• _Task item_
Transcribe the records below exactly as they appear, omitting any pictures.

• _Data records_
== Segment start ==
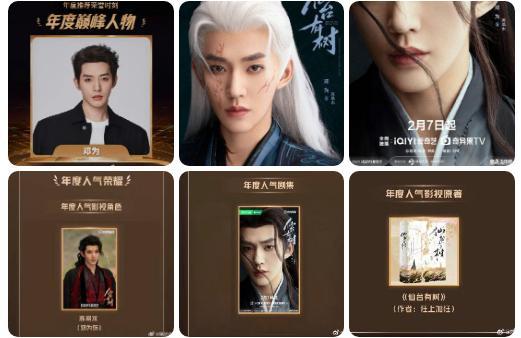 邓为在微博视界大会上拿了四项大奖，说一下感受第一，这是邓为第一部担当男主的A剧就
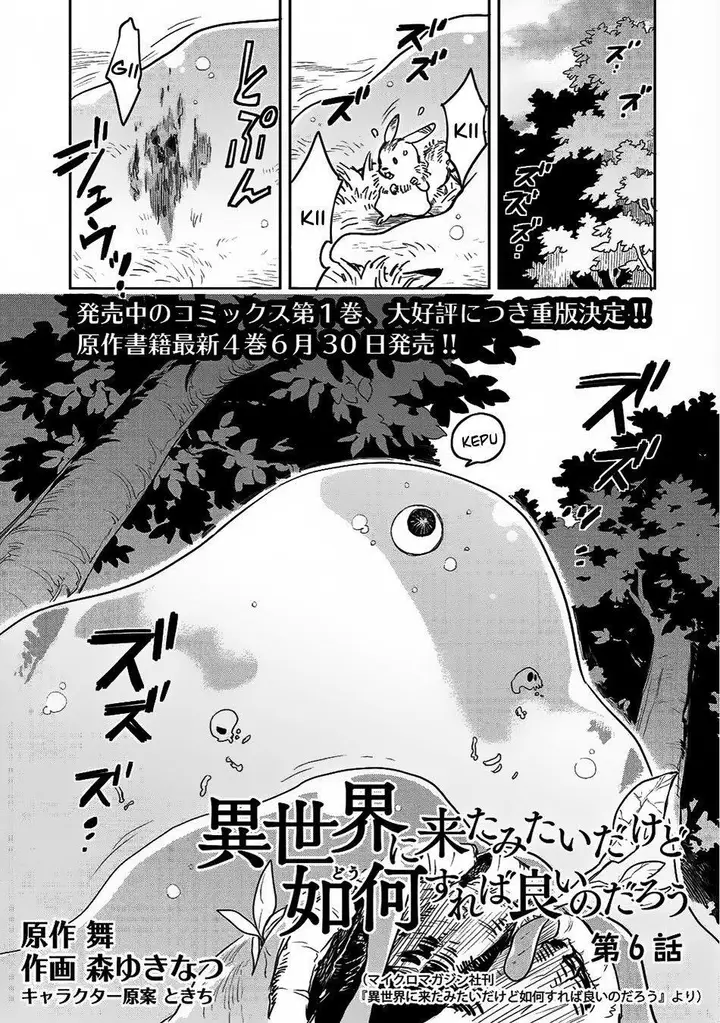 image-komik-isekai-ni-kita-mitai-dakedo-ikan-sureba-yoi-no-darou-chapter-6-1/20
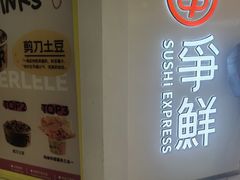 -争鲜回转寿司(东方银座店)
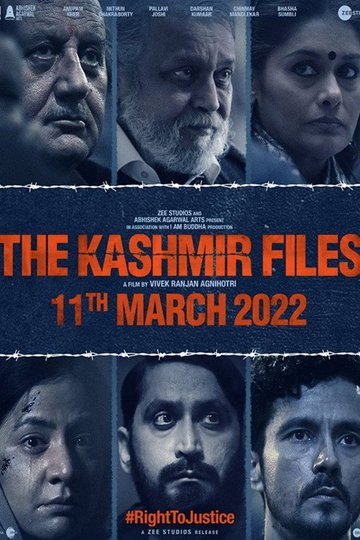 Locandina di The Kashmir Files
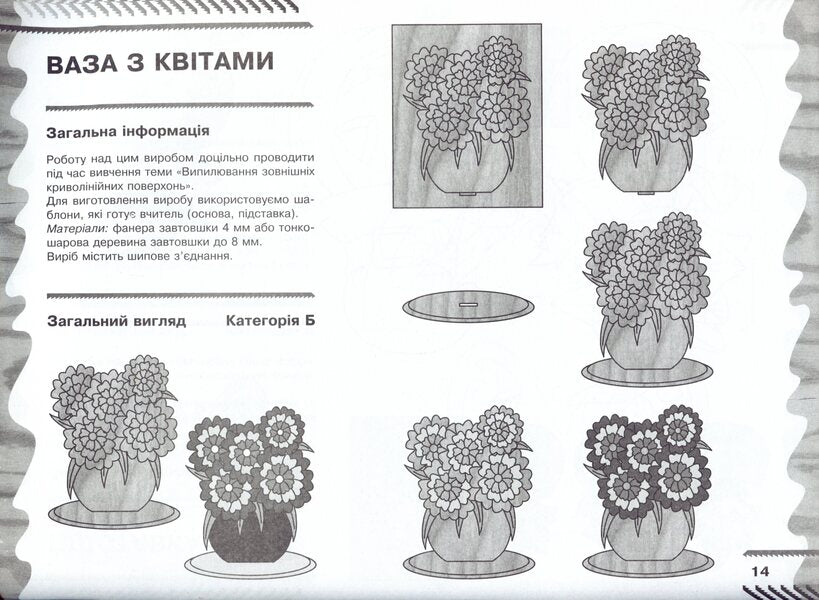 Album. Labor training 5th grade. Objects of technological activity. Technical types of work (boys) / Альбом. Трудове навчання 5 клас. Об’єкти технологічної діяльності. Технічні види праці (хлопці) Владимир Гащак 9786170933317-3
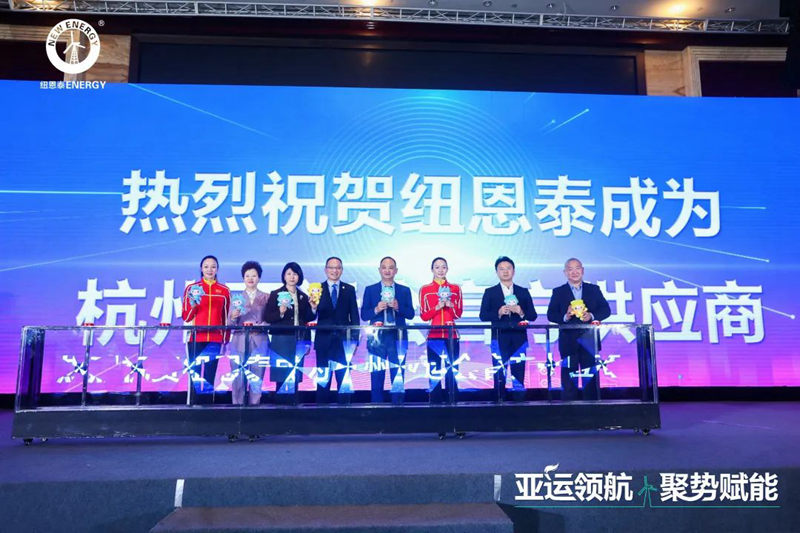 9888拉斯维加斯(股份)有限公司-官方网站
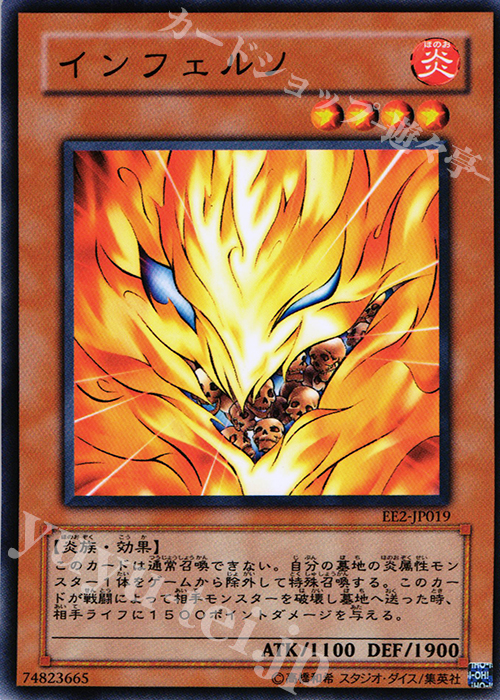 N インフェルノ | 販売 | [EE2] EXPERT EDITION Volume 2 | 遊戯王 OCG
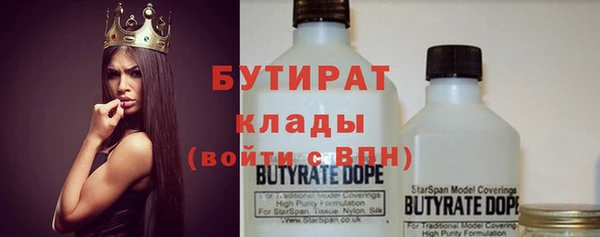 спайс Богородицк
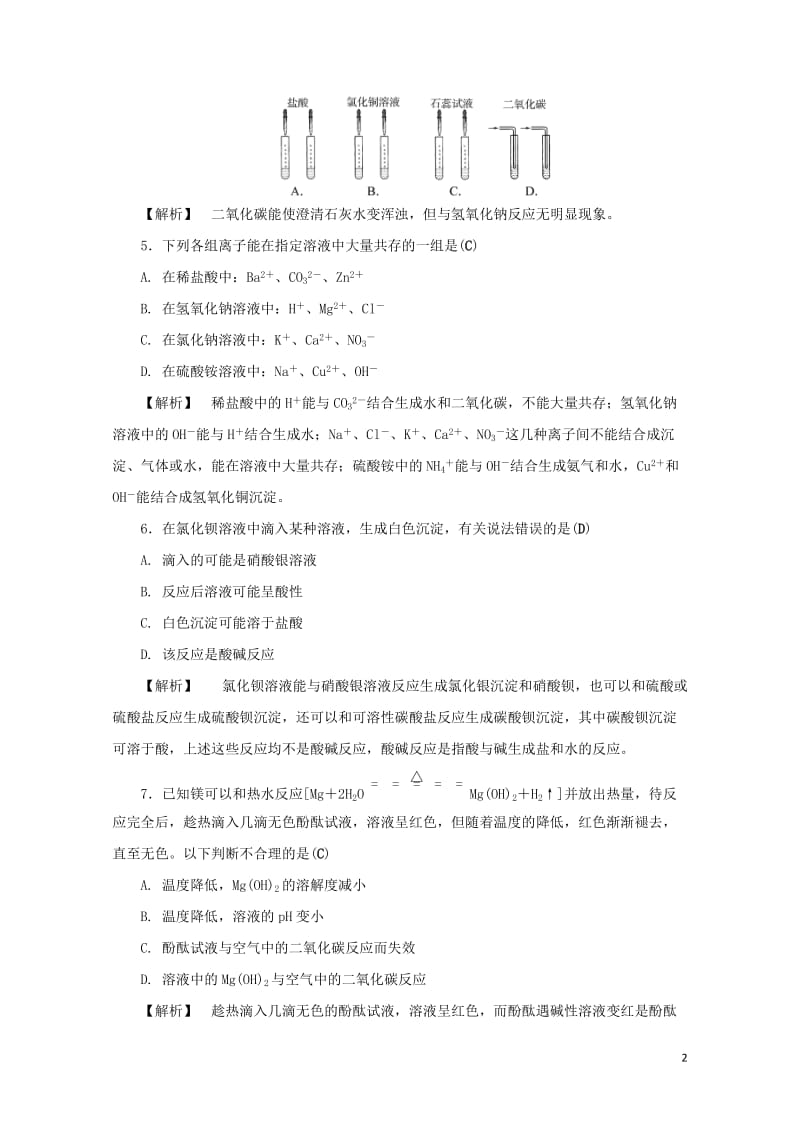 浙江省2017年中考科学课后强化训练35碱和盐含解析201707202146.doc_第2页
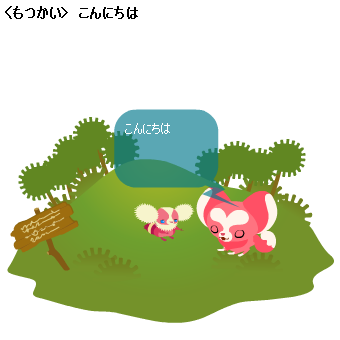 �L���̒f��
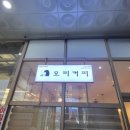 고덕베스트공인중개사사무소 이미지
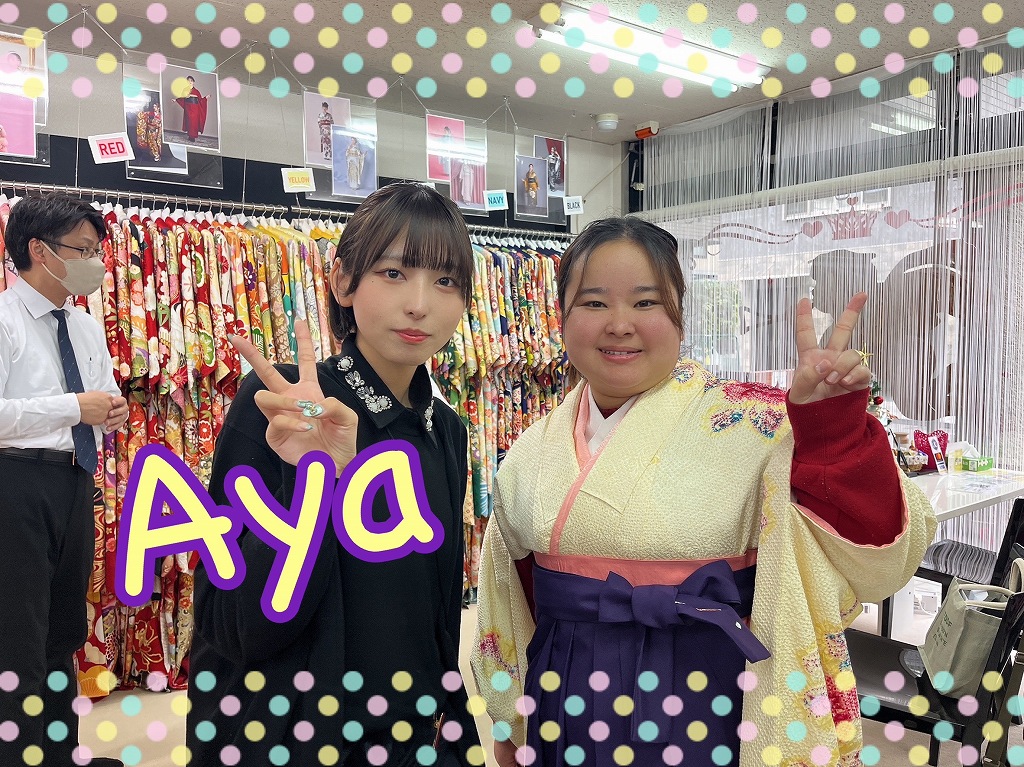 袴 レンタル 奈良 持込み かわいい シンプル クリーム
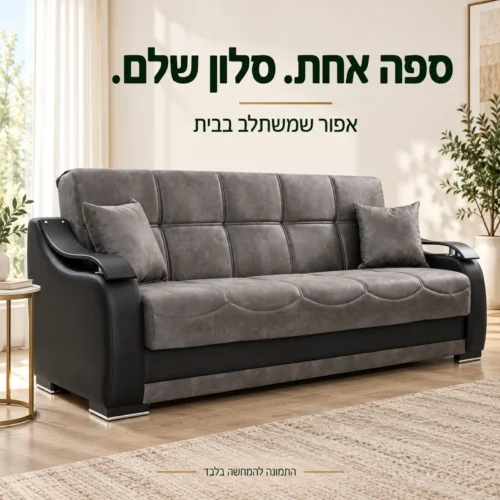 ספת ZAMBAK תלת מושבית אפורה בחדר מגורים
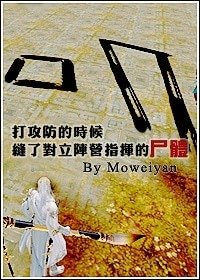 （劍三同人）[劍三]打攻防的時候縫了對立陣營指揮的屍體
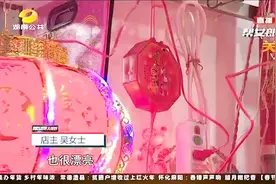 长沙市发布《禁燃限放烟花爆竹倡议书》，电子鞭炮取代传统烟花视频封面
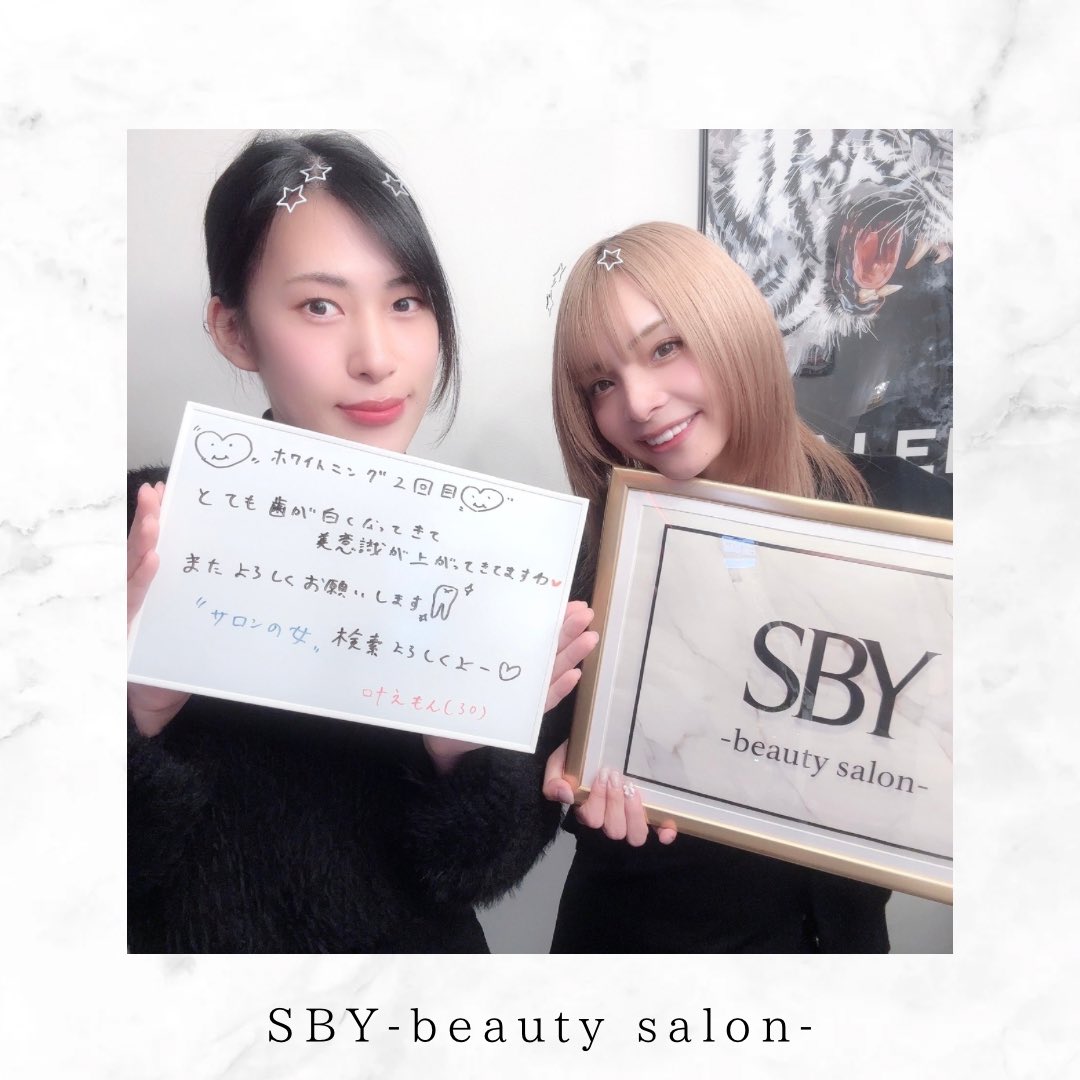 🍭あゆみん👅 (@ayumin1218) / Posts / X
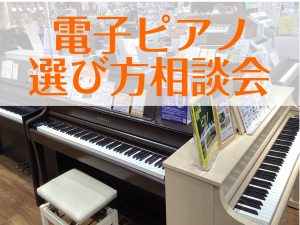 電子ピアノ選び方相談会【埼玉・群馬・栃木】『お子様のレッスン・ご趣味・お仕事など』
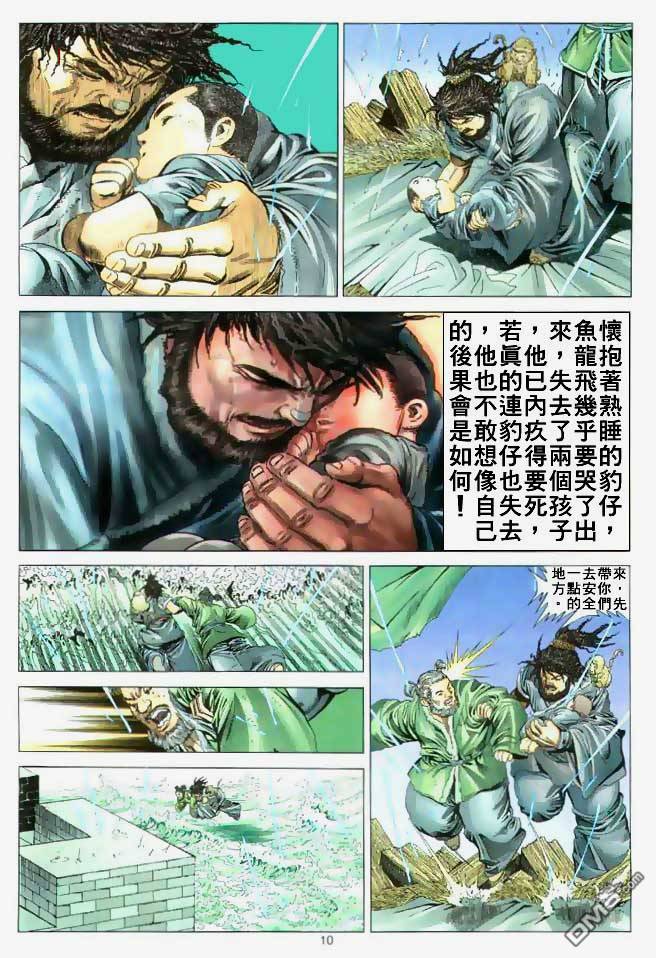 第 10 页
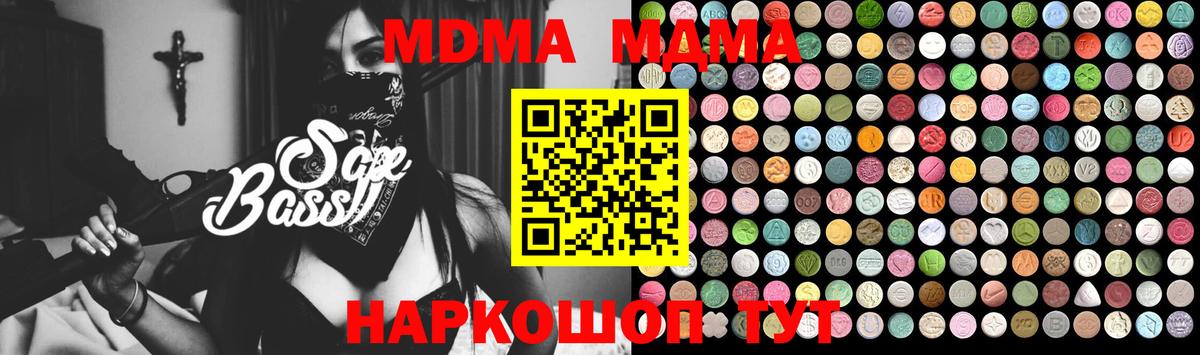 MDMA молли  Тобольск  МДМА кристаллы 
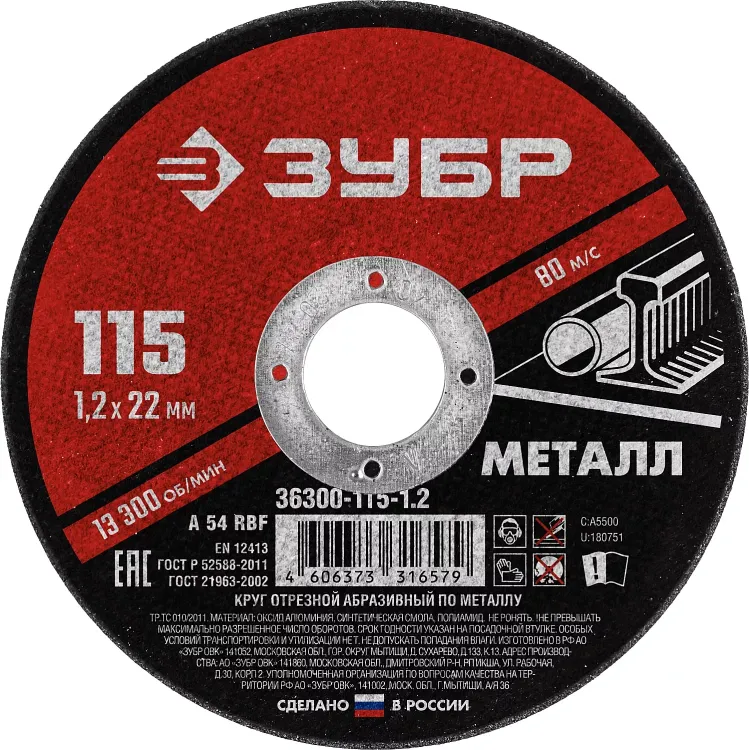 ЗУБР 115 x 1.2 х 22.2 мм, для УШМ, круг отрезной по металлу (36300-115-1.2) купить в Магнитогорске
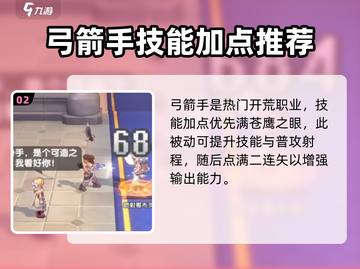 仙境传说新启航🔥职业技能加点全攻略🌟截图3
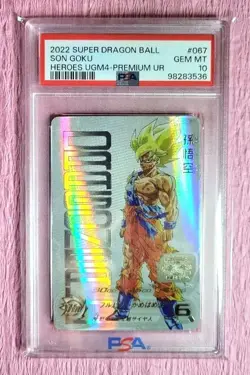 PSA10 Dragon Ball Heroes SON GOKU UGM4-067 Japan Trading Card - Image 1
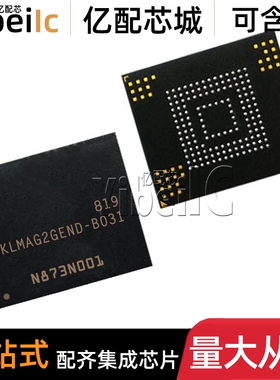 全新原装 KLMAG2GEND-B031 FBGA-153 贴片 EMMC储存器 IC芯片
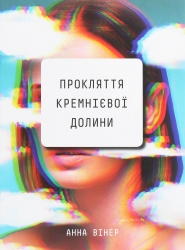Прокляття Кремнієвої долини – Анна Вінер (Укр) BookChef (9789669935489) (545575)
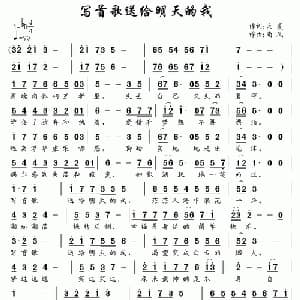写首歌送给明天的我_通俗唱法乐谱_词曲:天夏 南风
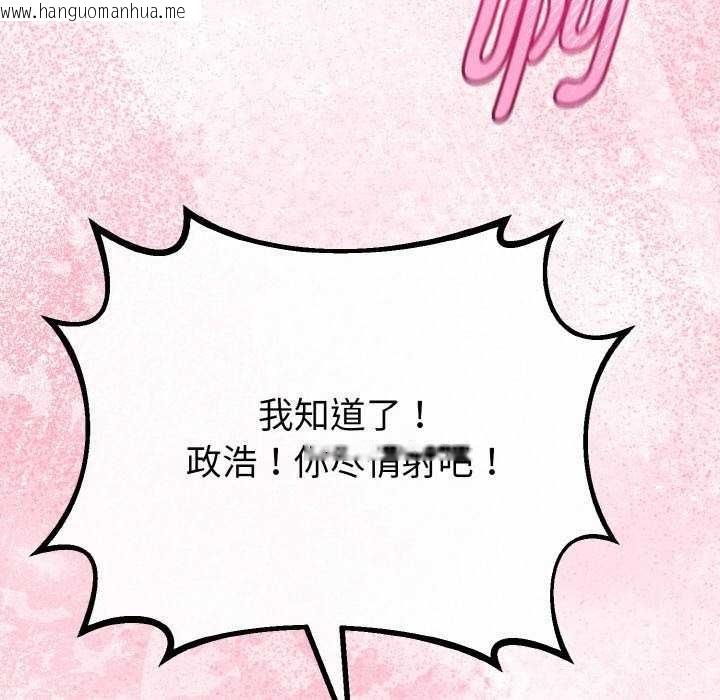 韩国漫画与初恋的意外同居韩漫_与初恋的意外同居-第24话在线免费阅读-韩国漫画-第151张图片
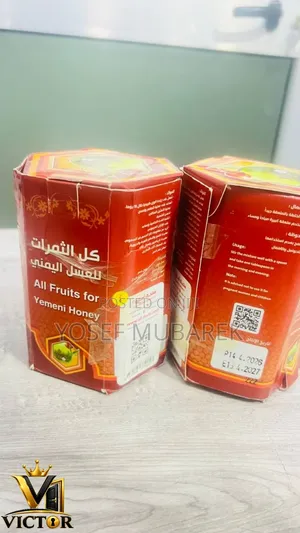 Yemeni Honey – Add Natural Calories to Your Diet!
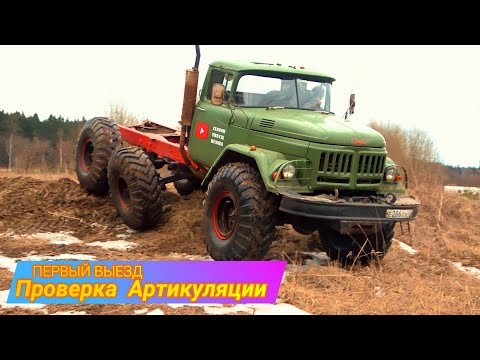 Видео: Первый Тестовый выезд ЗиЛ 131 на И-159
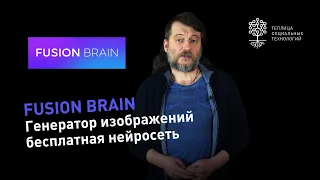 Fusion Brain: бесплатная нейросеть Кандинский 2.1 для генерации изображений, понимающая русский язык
== Segment end ==
• _Task answer_
 邓为在微博视界大会上拿了四项大奖，说一下感受第一，这是邓为第一部担当男主的A剧就
 image-komik-isekai-ni-kita-mitai-dakedo-ikan-sureba-yoi-no-darou-chapter-6-1/20
 -争鲜回转寿司(东方银座店)
 Locandina di The Kashmir Files
 Album. Labor training 5th grade. Objects of technological activity. Technical types of work (boys) / Альбом. Трудове навчання 5 клас. Об’єкти технологічної діяльності. Технічні види праці (хлопці) Владимир Гащак 9786170933317-3
 9888拉斯维加斯(股份)有限公司-官方网站
 N インフェルノ | 販売 | [EE2] EXPERT EDITION Volume 2 | 遊戯王 OCG
 спайс Богородицк
 浙江省2017年中考科学课后强化训练35碱和盐含解析201707202146.doc_第2页
 �L���̒f��
 고덕베스트공인중개사사무소 이미지
 袴 レンタル 奈良 持込み かわいい シンプル クリーム
 ספת ZAMBAK תלת מושבית אפורה בחדר מגורים
 （劍三同人）[劍三]打攻防的時候縫了對立陣營指揮的屍體
 长沙市发布《禁燃限放烟花爆竹倡议书》，电子鞭炮取代传统烟花视频封面
 🍭あゆみん👅 (@ayumin1218) / Posts / X
 電子ピアノ選び方相談会【埼玉・群馬・栃木】『お子様のレッスン・ご趣味・お仕事など』
 第 10 页
 MDMA молли  Тобольск  МДМА кристаллы 
 ЗУБР 115 x 1.2 х 22.2 мм, для УШМ, круг отрезной по металлу (36300-115-1.2) купить в Магнитогорске
 仙境传说新启航🔥职业技能加点全攻略🌟截图3
 PSA10 Dragon Ball Heroes SON GOKU UGM4-067 Japan Trading Card - Image 1
 全新原装 KLMAG2GEND-B031 FBGA-153 贴片 EMMC储存器 IC芯片
Прокляття Кремнієвої долини – Анна Вінер (Укр) BookChef (9789669935489) (545575)
写首歌送给明天的我_通俗唱法乐谱_词曲:天夏 南风
 韩国漫画与初恋的意外同居韩漫_与初恋的意外同居-第24话在线免费阅读-韩国漫画-第151张图片
 Yemeni Honey – Add Natural Calories to Your Diet!
 Видео: Первый Тестовый выезд ЗиЛ 131 на И-159
 Fusion Brain: бесплатная нейросеть Кандинский 2.1 для генерации изображений, понимающая русский язык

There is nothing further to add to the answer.